The most efficient way to prepare the body physically and psychologically for performance is through supercompensation. Training uses energy that is derived from the food we eat. There needs to always be a balance between energy expenditure and energy intake through nutrition. This is softball supercompensation.
Training puts the body into an “unbalanced” state. Between training sessions, the body works to recover and return itself to a balanced state which is called homeostasis. The consumption of nutrients in the process is called compensation which can take several hours to complete. The amount of reserves in the body will have an effect on the speed of recovery.
Supercompensation is about manipulating the fatigue factor. An athlete that trains, experiences fatigue fairly quickly after the training event. During the recovery period, the athlete replenishes the glycogen through nutrition and the body is taken to a higher level of homeostasis than before the training occurred.
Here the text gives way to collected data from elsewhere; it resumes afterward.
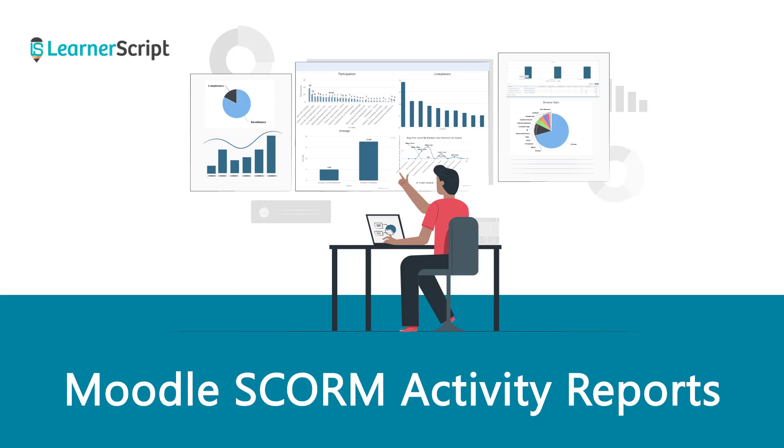Welcome to the LearnerScript Moodle SCORM activities report explanatory short video. Using these LearnerScript SCORM reports you can see the SCORM activity progress in your Moodle courses. Let's see what are these reports.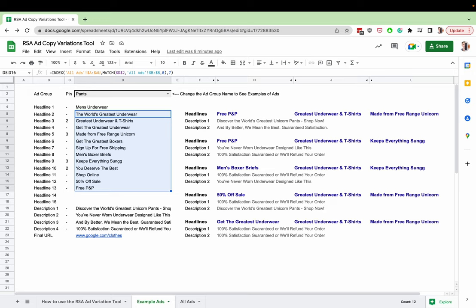So for example, in this particular headline down the bottom here, we've got the headline which has got get the greatest underwear, greatest underwear and t-shirts, and made from free range unicorn. So we probably don't want these two headlines appearing next to each other.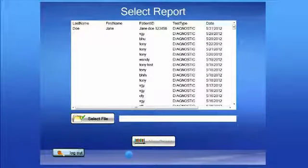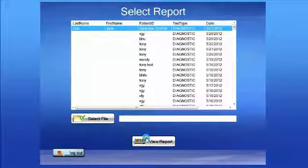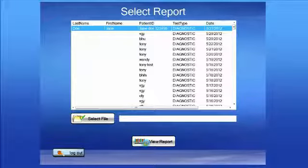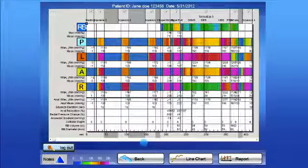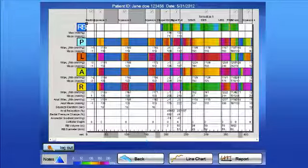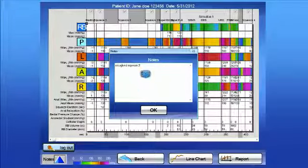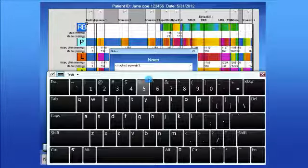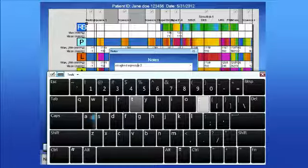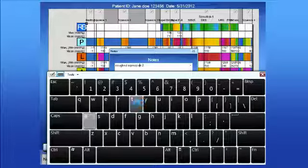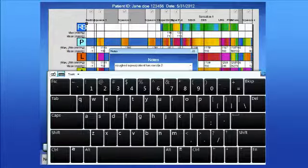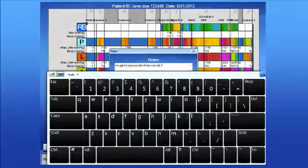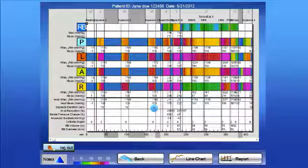If you need to add a note or impression to a file, you want to make sure that you save the file when you're in that section. In this example, we would tap view report and the report will be generated. You may at this time add your note or impression to the report. For this example, we will simply state that the patient has a condition. Once you've added your note, tap the OK button.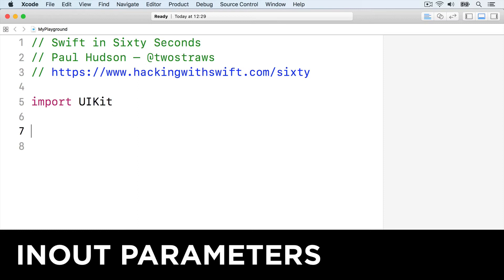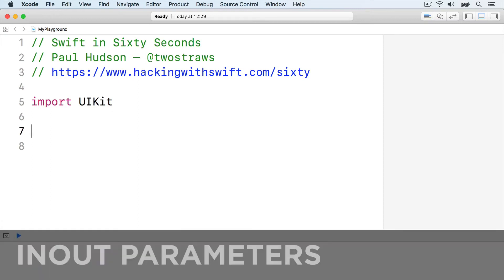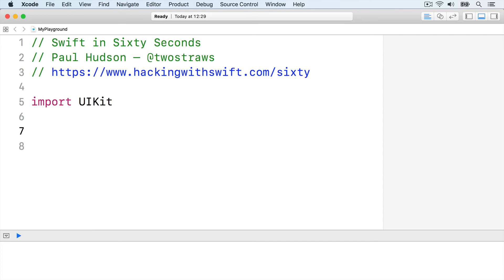All parameters passed into a Swift function are constants, so you can't change them. If you want, you can pass in one or more parameters as in-out, which means they can be changed inside your function, and those changes reflect in the original value outside the function.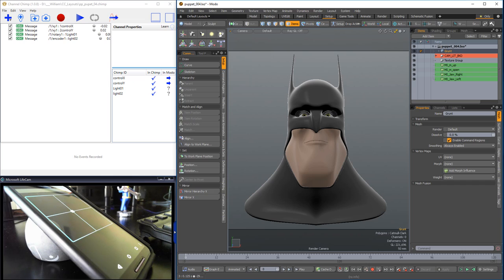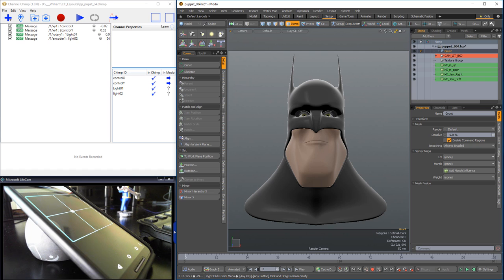William Vaughn here with a quick look at recording performances with Channel Chimp and sending the animation data to Modo. In this video, I'll be using the character and controller I set up in the Channel Chimp Puppet Control video.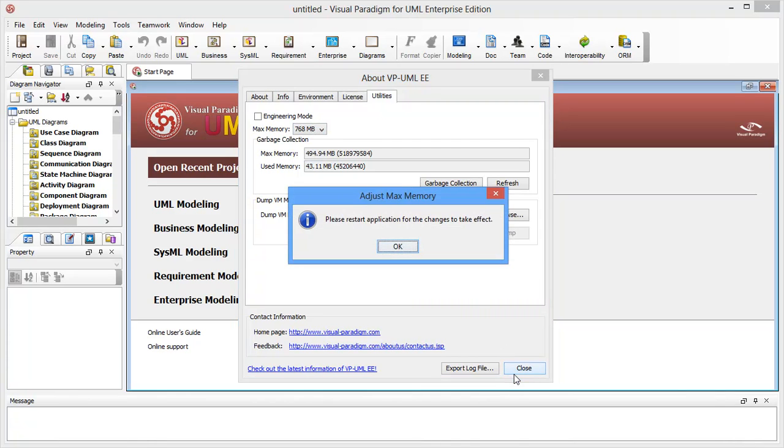Close this window and restart the application. When you run the application the next time, a larger maximum memory size will be applied.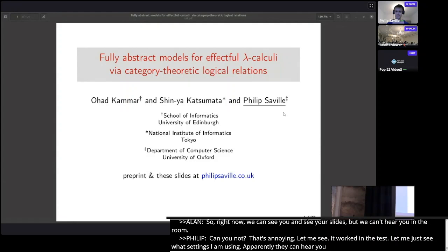The talk is on effect on lambda calculus by category theoretic logical relations, given by Philip Savile.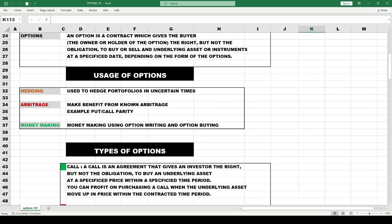An option is a contract which gives the buyer — the owner or holder of the option — the right but not the obligation to buy or sell an underlying asset or instrument at a specified date, depending on the form of the option.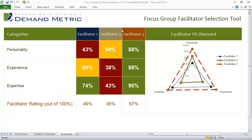If you're about to conduct a focus group, one key success factor is that you need to have the right facilitator in place. That's why we created the focus group facilitator selection tool, which allows you to evaluate and do an apples-to-apples comparison against three different facilitators that you're considering.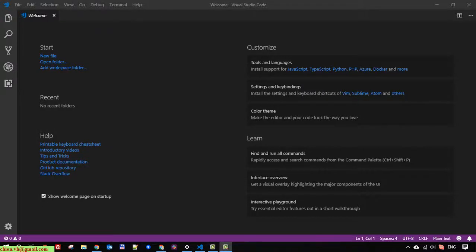Hi, in this video today I will guide you how to get started with C# and Visual Studio Code. So this is Visual Studio, we have installed it in the previous video. And today I will guide you how to start to work with C# by using this tool.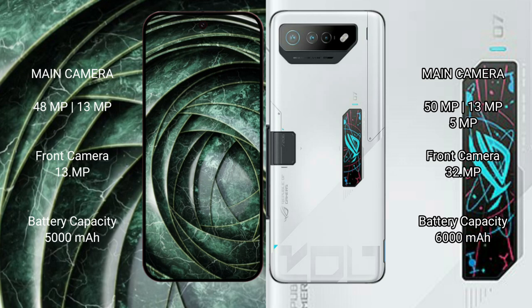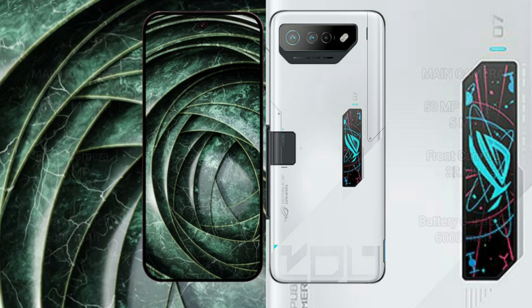The Google Pixel 9a is equipped with a 5000mAh battery with 18W fast charging support. The ASUS ROG Phone 7 Ultimate comes with a 6800mAh battery with 65W fast charging support.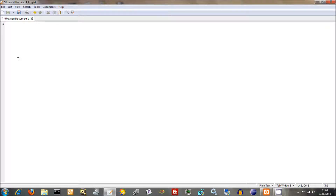We now have XAMPP sorted out, so we've got our web server sorted out and our development environment all up and running. So now it's time to get going and actually start doing some PHP scripting.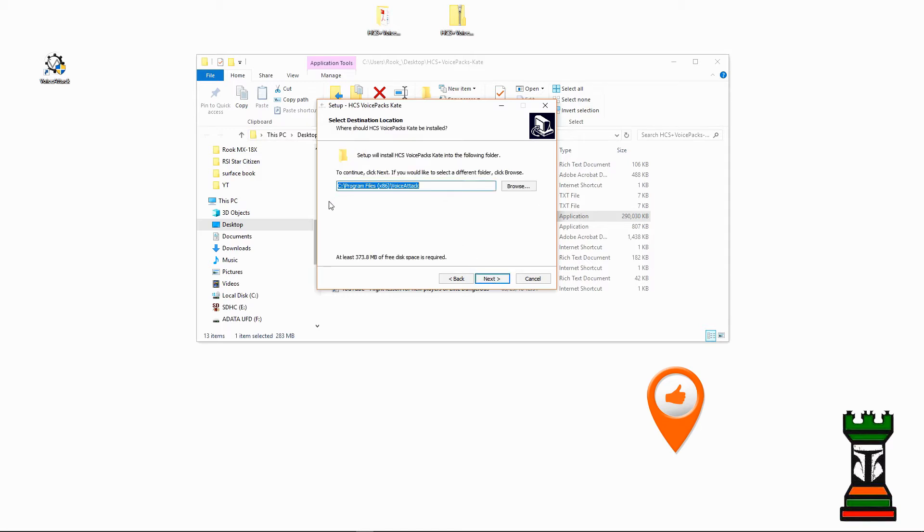Now you're presented with the same path that you saw with the plugin. And again, it stops at VoiceAttack. It doesn't go into Voices, or Sounds, or Apps, or any other folder. It stops at VoiceAttack.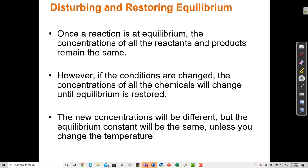Once a reaction is at equilibrium, the concentration of the reactants and products remain the same, but if those conditions are changed, then the concentrations of the chemicals will change until the equilibrium is restored. The new concentrations will be different, but the equilibrium constant will be the same.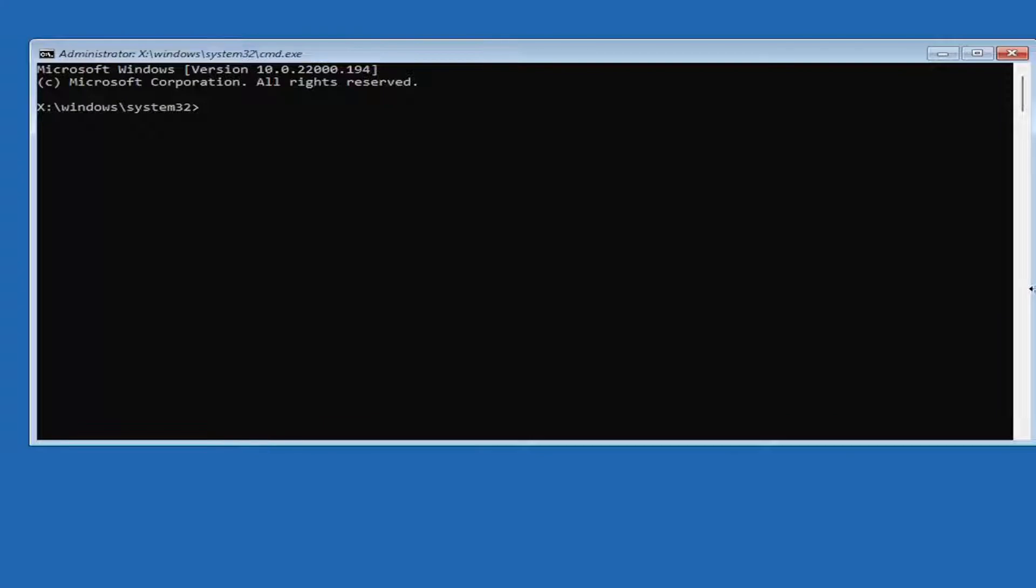In today's tutorial, I'm going to show you how to resolve the error: Windows cannot finish configuring the system. To attempt to resume configuration, restart the computer.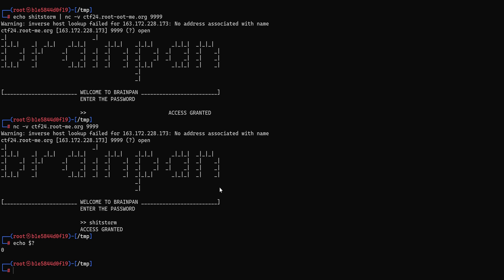So in the next video we're going to do just that. We're going to set up a local lab so that we can inspect and run the brain pain process or executable and find exactly where the buffer overflow is located and crash the process using malicious input. Well until next time, stay curious, keep learning, and go find some bugs.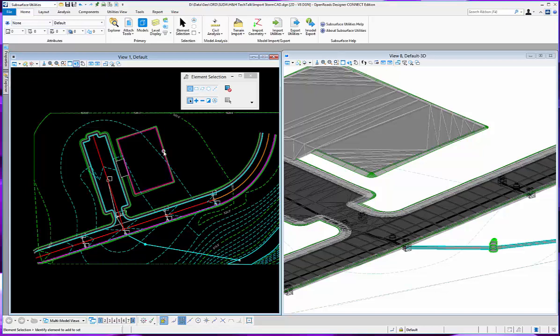In this video we will demonstrate how to assign a baseline or chain reference to an inlet or catch basin in your subsurface utility model.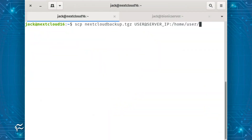The first thing you must do is migrate the backup files to the new instance of Nextcloud. This can be done in any way you like. One possibility is by using the secure copy command like so: scp nextcloudbackup.tgz user@serverip:/home/user — where user is the username on the remote server and serverIP is the IP address of the new Nextcloud instance.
This is the supercompensation state.
If training is not resumed during this state, the training effects will decline and homeostasis at the level of pre-training will result. If the athlete begins training before supercompensation occurs then de-training may result as a result of accumulated fatigue. Highly trained athletes have systems that can resist fatigue more effectively than less trained athletes therefore may not require the same amount of recovery time.
This is why it is critical to know the recovery times for the different energy systems and what the systems correlate with as far as training methods.
After training, the body’s biological base must be returned to homeostasis or “balance”. All nutrients must be replenished that were used during the training session. This time period is referred to as compensation. If the balance is not restored through rest and nutrition, it will result in performance deterioration rather than performance gains. The time required for this balance restoration depends on the level of intensity of training. Recovery is a slow process so if the training was at a high intensity level it will take longer to recover. During this recovery and recovery of glycogen stores in the muscles, if done correctly, the body will experience physiological gains known as super-compensation.
There are 4 phases to the super-compensation cycle:
- Fatigue which is felt after training
- The rest period (approximately 24-48 hours)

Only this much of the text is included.